Vous pouvez imaginer dans un multivers avoir pris toutes sortes de décisions différentes, mais en réalité, le voyage dans le temps n’existe pas dans le monde réel. On ne peut pas revenir en arrière et prendre des décisions différentes. C’est bien d’imaginer toutes sortes de possibilités, mais en fin de compte, nous devons vivre et influencer l’univers dans lequel nous nous trouvons.

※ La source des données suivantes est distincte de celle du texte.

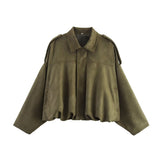 And Autumn New Women's Velvet Texture Collar Pilot Long Sleeve Short Jacket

En contemplant toutes ces différentes possibilités passées, présentes et futures, nous pouvons mettre les choses en perspective. Nous pouvons réfléchir à la façon dont, oui, il y a eu ce moment où les choses ont horriblement mal tourné, soit parce que j’ai fait quelque chose de mal, soit parce qu’il y a eu un événement imprévu que je n’aurais pas pu maîtriser. Mais l’influence causale que j’ai sur le monde ne s’étend que vers l’avenir. Les choix que je peux faire maintenant auront un impact que je ressentirai plus tard, mais je ne peux pas faire un choix maintenant qui annule ce qui s’est passé dans le passé. Je pense que c’est une vérité de la physique et de la cosmologie dans le monde, et psychologiquement, c’est un principe très important à garder à l’esprit.